Q4 2021: Captain America

In the Marvel Avengers franchise film, Captain America (spoiler alert… although if you haven’t seen it by now, you probably never will), the home team has a crisis meeting to discuss how to tackle the existential threat from Johann Schmidt, aka Red Skull, who is preparing for a final, devastating assault on the free world from his hidden lair somewhere in Central Europe.

“What are we going to do? We can’t exactly walk up to the front door and knock.”

“Yes we can,” asserts Captain America. “That’s exactly what we are going to do.”

The action cuts immediately to Captain America, on a motorbike, pursued by a dozen baddies, racing through a forest fit for a gateau, heading directly for the entrance to Schmidt’s hidden lair. As you can imagine, as he reaches it, he is beset on all sides by the enemy hordes, firing not just bullets but also these blue laser beams that literally pulverise their targets. Thousands of rounds ping miraculously just past our hero, never finding their mark; those that do make it are incredibly fended off by his vibranium shield. Sometimes, he throws the shield as a weapon, leaving himself wide open – fortunately, none of the baddies can shoot for shit, so he survives.

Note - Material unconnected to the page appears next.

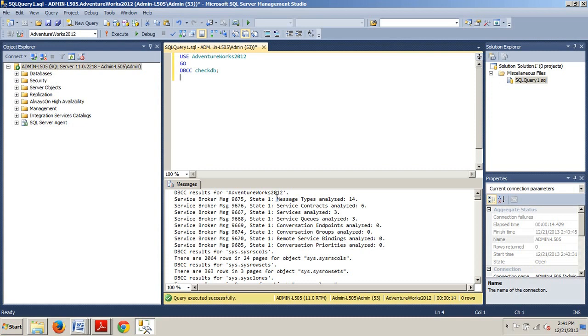But for now, you now know how to perform a database consistency check with T-SQL. Thank you for watching my tutorial.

Even my 11-year-old son was laughing. “This is so risky! Their whole plan depends on Captain America making it through this alive – and just one bullet – just one, even a stray bullet – would be enough to kill him and it’s all over! What will they do then?!”

This brings me to my new way of expressing our entire approach to private client wealth management – a new equation for investment strategy:

Let’s call it “The Inverse Captain America” strategy. Ok, so in the film, maybe one can argue there’s nothing to lose; this is it for humanity so the team gambles everything on one approach. Our clients have a lot more to lose; typically they are entrepreneurs with some significant wealth – and, often, a much larger concentration of wealth still held in their main company.

And, of course, our clients (like everyone else) don’t have a magical shield or superhuman reactions. So we don’t think they should just walk in and bust down the front door of investment. We need to assume they will be caught by a stray bullet – or a dozen other bad outcomes. How do we make sure they are ok in lots of different possible scenarios?

For The Love Of Story

Story. We love a story. We love hearing about that one individual, against insurmountable odds, who made it anyway. And we look for stories everywhere – even in arenas they have no right to be told in, like investment.

We attend a lot of fund manager updates, as you can imagine. One of the most common themes is “story”: how does the manager see the world? And how does he or she expect events to unfold over the coming period? It doesn’t matter how often we discover that these stories aren’t terribly helpful for long-term private client investment strategy. They remain a mainstay of manager presentations because the attendees – the viewers of this investment film, if you will – are always thirsty for story. The seemingly never-ending Avengers film franchise did end, eventually; only to spawn a never-ending stream of spin-off series that my kids are marching through with grim resolution.

Searching for that Captain America, all-or-nothing winning move makes for a great story and can be great fun. As the new year dawns, it’s tempting to apply our intelligence, knowledge and experience to map out what we think the world will be like in 2022 – and actually that can be a useful exercise for lots of reasons (see Tetlock’s work on forecasting for starters

But not when it comes to fulfilling a role as custodian of clients’ wealth. Keeping the dazzling excitement of the “story” out of our thinking might just be the most important mission of all.